How does Neighbor Scanning work?

Hello.

From what I understand is that IPAM can read the ARP table (or more precisely the ARP cache) which should have the MAC address and the corresponding IP address of every device / endpoint that has sent data through this router.

Since ARP cache is unreliable and can even be totally empty, the use of Neighbor Scans is disabled by default.

Best regards,

Steffen

Adding on to this,

The main purpose I find for neighbor scanning is when you have nodes that do not respond to ping your gateway router will still know that they are out there so checking with the router is a good way to double check that open IP's really are open.  The trouble is that hitting a router and asking it about all the subnets it has interfaces on can be taxing on the router, less so with new hardware but 5-10 years ago it was pretty easy to lock up a router with just SNMP requests asking it what all it was set up to do.

-Marc Netterfield

    Loop1 Systems: SolarWinds Training and Professional Services

•                 LinkedIN: Loop1 Systems
•                 Facebook: Loop1 Systems
•                 Twitter: @Loop1Systems

This still doesn't explain what each of the individual options do:

Enable SNMP scanning (dependent on ICMP scanning) <-- does this need to be enabled for "Enable SNMP neighbor scanning" to work or does it do something different? 

Enable SNMP neighbor scanning <-- Is this the only other way to gather MAC/IP pairs if you are not running DHCP in your subnet?

squeeb, I agree, some more explanation would be helpful. (The documentation for neighbor scanning is slim to none and needs more explanation; a good answer here would be the basis of a enhancement request to improve the documentation).

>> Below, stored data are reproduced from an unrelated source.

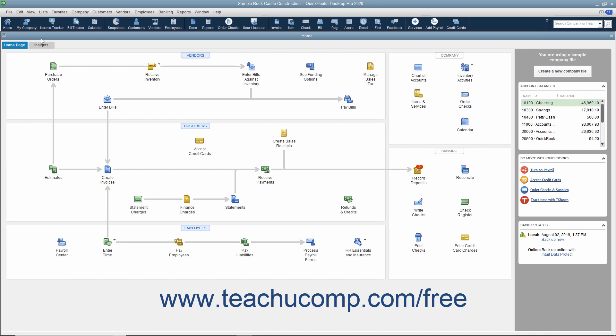The icon bar contains buttons for some of the most frequently used features of QuickBooks. You can hold your mouse pointer over any button without moving it to view the description of the button in a little box called a screen tip. You can customize the buttons in the My Shortcuts section of the icon bar to add or remove buttons you want.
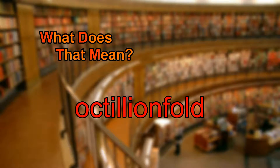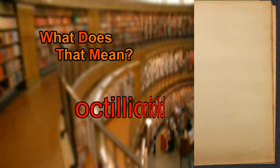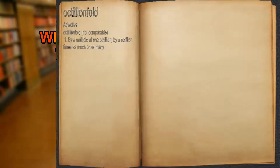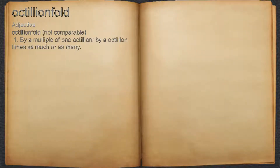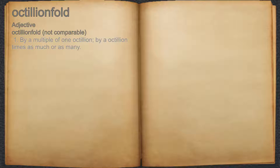What does octillion fold mean? Octillion fold. Adjective. 1. By a multiple of one octillion, by a octillion times as much or as many.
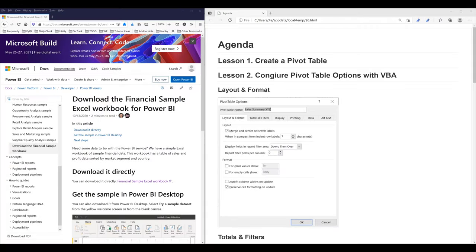Hey, how's it going guys? In this video series, I'm going to show you how to automate pivot tables using VBA in Excel. I'm going to divide this tutorial series into three parts. For the first lesson, I'm going to show you how to create a pivot table using VBA.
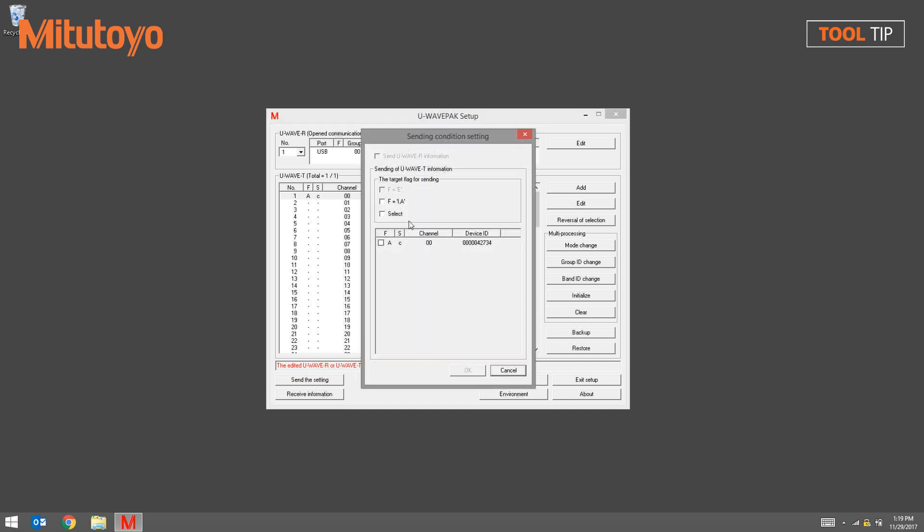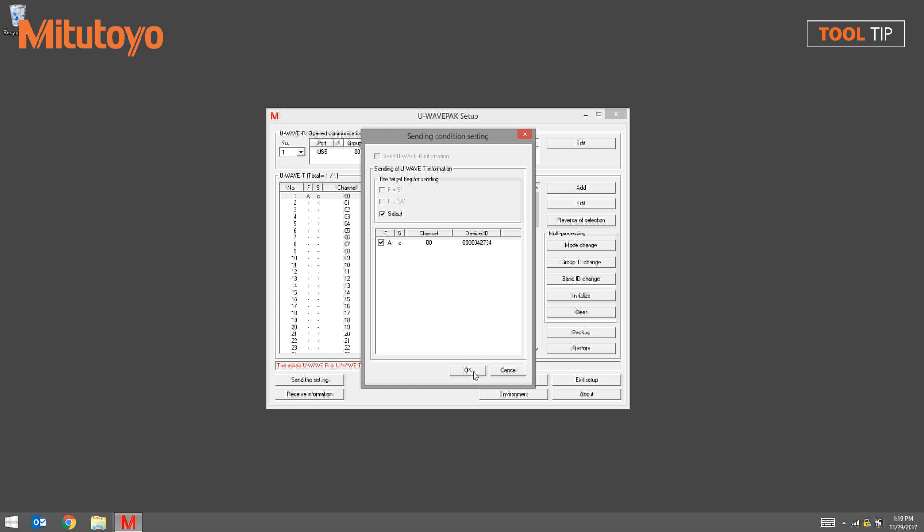On the following window, click the Select button and choose the transmitter that you want to unpair, followed by the OK button. Click Yes to confirm.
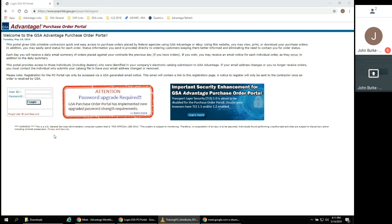First-time users must register through a GSA-generated email notice. This email will contain a link to the registration page. This email will be generated after the completion of your first order.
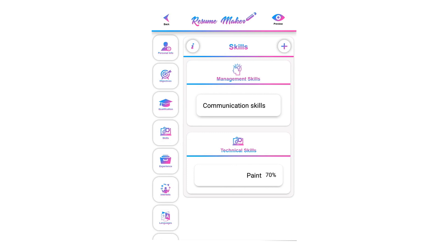You can add unlimited skills. Examples of management skills include data analysis, copywriting, foreign languages, accounting, computer languages, mathematics, graphic design, and many more.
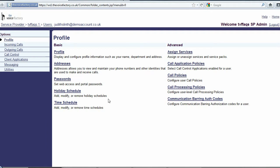Welcome back to TVF FAQ. In this episode I will demonstrate how to reset your password or voicemail pin.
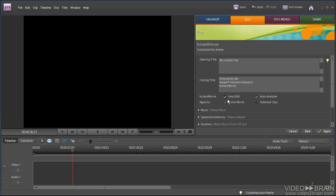Check the auto-edit checkbox to have Adobe Premiere Elements analyze your clips and edit them to fit the selected theme, which I recommend. If you don't select auto-edit, Adobe Premiere Elements uses the clips as is and doesn't edit them.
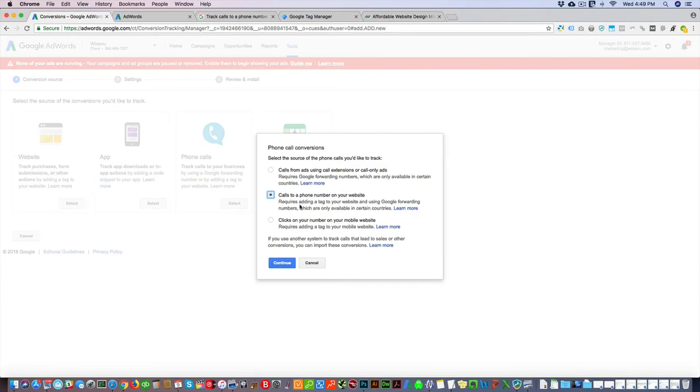Hey guys, in this video I'm going to show you how you can track calls to a phone number on your website in AdWords. This is very useful for tracking conversions, and I'll show you quickly what this does.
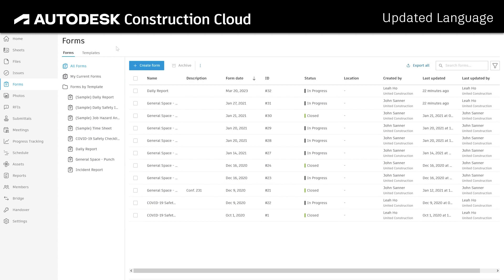Statuses and permissions in Forms have been updated to industry-standard terminology. Draft forms are now in progress and submitted forms are now closed.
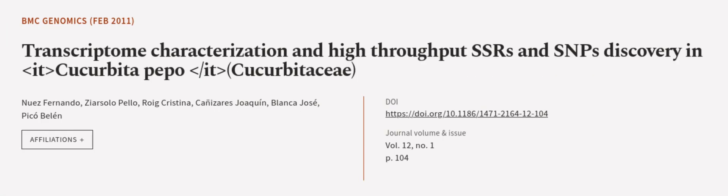This article was authored by Nuez Fernando, Ziasalo Pelo, Roig Cristina, and others. We are article.tv, links in the description below.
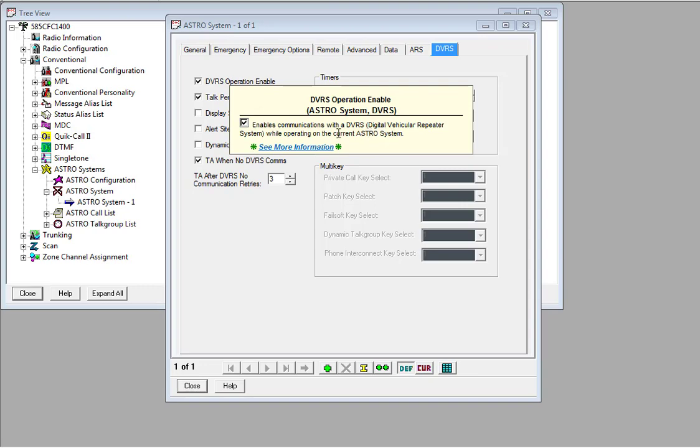Essentially, what you're turning on here is the ability for the radio to talk to what it thinks is a vehicle-based repeater system. So a repeater that would sit inside of a vehicle, typically at a scene. So we're essentially tricking the radio.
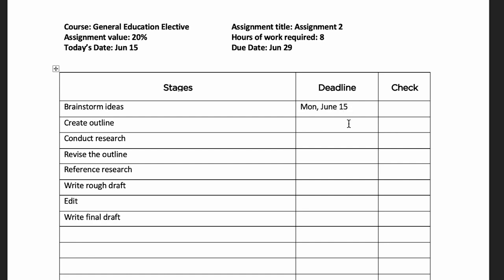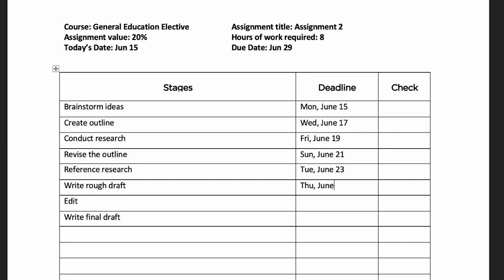Give yourself a completion deadline for each task. Plan to get started on the assignment right away. Spread the deadlines across all of the dates that you have available to create a buffer to help absorb unplanned events that drop into your schedule.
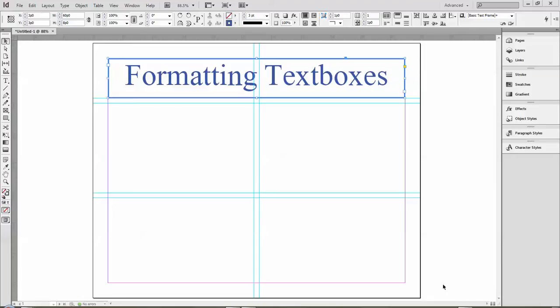In this tutorial, we're going to look at a few features you can use to format the text box, both the box itself and the text inside.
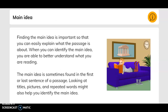Main idea. Finding the main idea is important so that you can easily explain what the passage is about. When you can identify the main idea, you are able to better understand what you are reading. The main idea is sometimes found in the first or last sentence of a passage. Looking at titles, pictures, and repeated words might also help you identify the main idea.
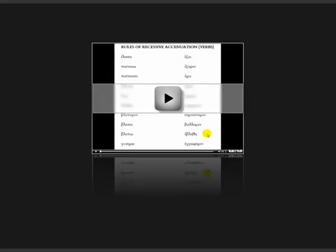EGONATHAN: here you have four syllables. When you start a verb with a vowel, you have to have a breathing mark — in this case a smooth breathing mark, so it's EGONATHAN, not HAGENATHAN. We can only go back up to three syllables. Because the word ends in a long syllable — eta is always long — the accent has to go on the second eta.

I don't know who marked Steffen's post as the answer to this thread, although helpful, I've unmarked it as the answer; hopefully someone internal to SolarWinds IPAM development can comment and give the full explanation.

I've got a ticket open with them at the moment, more in relation to how the neighbor scanning mechanism works.

So I'll update here if I get a decent answer.

In my scenario, we have subnets that don't use DHCP, but where the hosts in the subnet do respond to ICMP pings.

The missing info is the MAC address. So in the absence of DHCP and with Neighbor scanning disabled, how would IPAM be able to collect the MAC addresses?

Do you have SNMP enabled on the devices themselves and turned on in IPAM?  If so then that would populate them, otherwise it won't.

Yes SNMP is enabled on the devices, assuming you mean the network devices that the hosts are attached to?

Not sure what you mean by "turned on in IPAM".

Are you referring to the Neighbor Scanning option for each subnet?

Or do you mean does SNMP run on the devices in the subnet (the hosts connected to the switch) themselves? In which case no, these are workstations so do not run any snmp service.

Right the endpoints need to provide the SNMP data, if its configured on the endpoint you can scan for the SNMP namespaces in addition to ICMP. Other ways to get the MAC addresses are not part of IPAM, just DHCP and SNMP.

When you say endpoint, you mean the hosts connected to the switch?

I have two cases here, one where the endpoints are client machines such as workstations, laptops, phones, watches etc. which all get their addresses from DHCP, and the other case is tons of servers which all have statically assigned IP addresses (configured via CloudInit / Puppet).

For the statically assigned hosts, are you suggesting that I should just run snmpd on them and as long as IPAM has a valid SNMP credential for those hosts, it will collect the MAC/IP combinations appropriately?

Is it then intelligent enough to figure out which port on the switches they are connected to?